→ **What to do**
Print exactly the lines from the one containing "So we've already" through the last line of the records below, both included, and nothing else; omit any pictures.

→ **Saved entries**
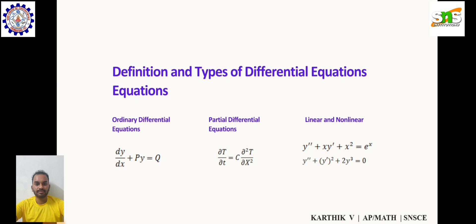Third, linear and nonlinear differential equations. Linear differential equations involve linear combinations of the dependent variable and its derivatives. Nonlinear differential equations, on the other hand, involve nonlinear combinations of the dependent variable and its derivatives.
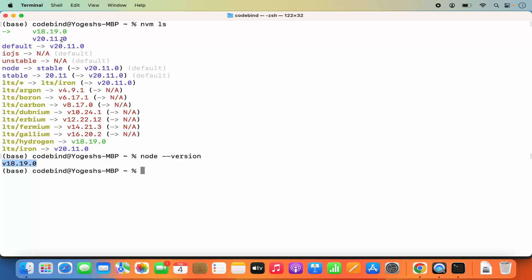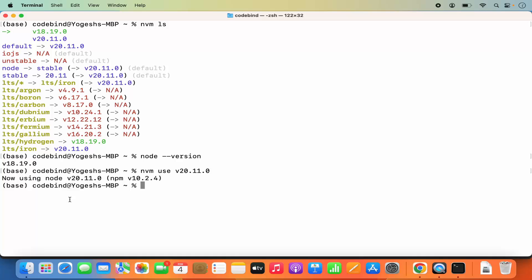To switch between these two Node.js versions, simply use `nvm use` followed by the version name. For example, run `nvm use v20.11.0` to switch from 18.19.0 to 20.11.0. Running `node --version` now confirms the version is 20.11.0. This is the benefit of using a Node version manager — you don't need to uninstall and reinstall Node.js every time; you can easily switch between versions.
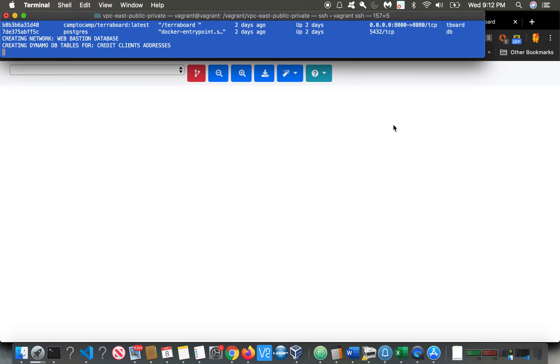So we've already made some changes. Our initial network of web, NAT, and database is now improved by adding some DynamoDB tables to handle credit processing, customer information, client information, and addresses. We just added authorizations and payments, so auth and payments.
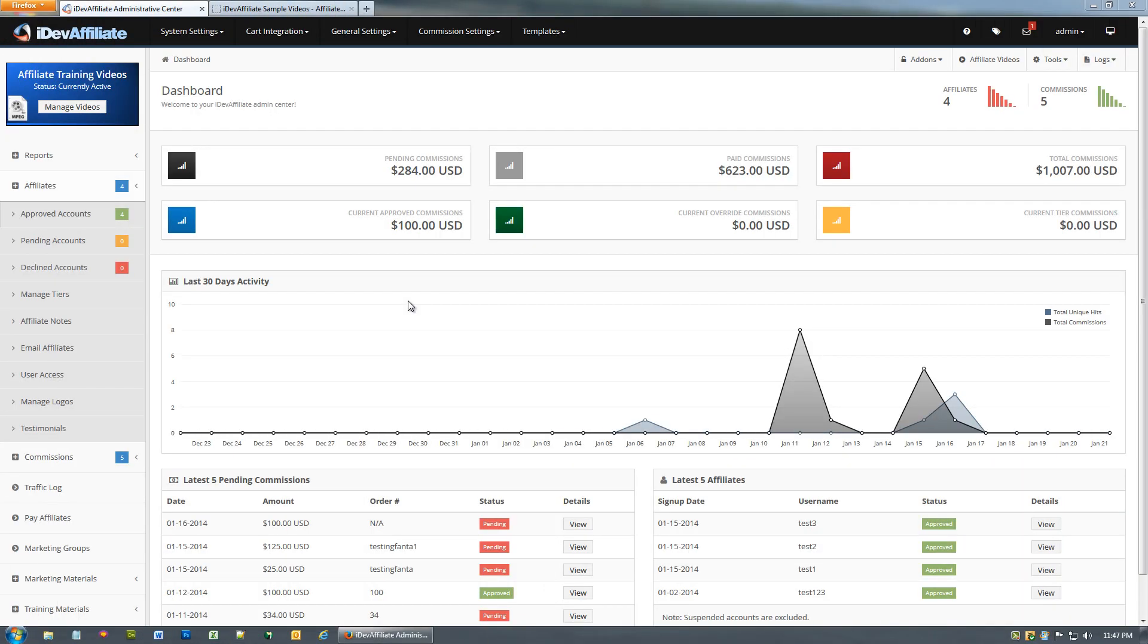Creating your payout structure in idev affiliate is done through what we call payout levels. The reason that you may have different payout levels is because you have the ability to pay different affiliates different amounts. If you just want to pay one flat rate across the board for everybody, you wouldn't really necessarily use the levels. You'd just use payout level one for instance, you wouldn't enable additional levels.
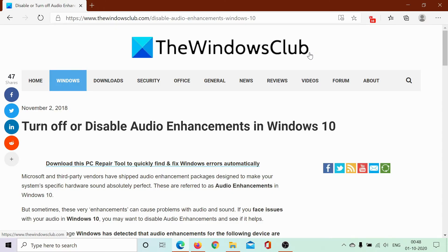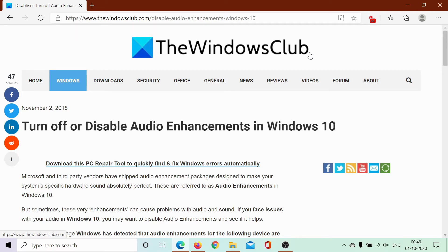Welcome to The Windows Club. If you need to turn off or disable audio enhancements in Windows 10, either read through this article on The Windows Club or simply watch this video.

→ **Written solution**
So we've already made some changes. Our initial network of web, NAT, and database is now improved by adding some DynamoDB tables to handle credit processing, customer information, client information, and addresses. We just added authorizations and payments, so auth and payments.
Creating your payout structure in idev affiliate is done through what we call payout levels. The reason that you may have different payout levels is because you have the ability to pay different affiliates different amounts. If you just want to pay one flat rate across the board for everybody, you wouldn't really necessarily use the levels. You'd just use payout level one for instance, you wouldn't enable additional levels.
Welcome to The Windows Club. If you need to turn off or disable audio enhancements in Windows 10, either read through this article on The Windows Club or simply watch this video.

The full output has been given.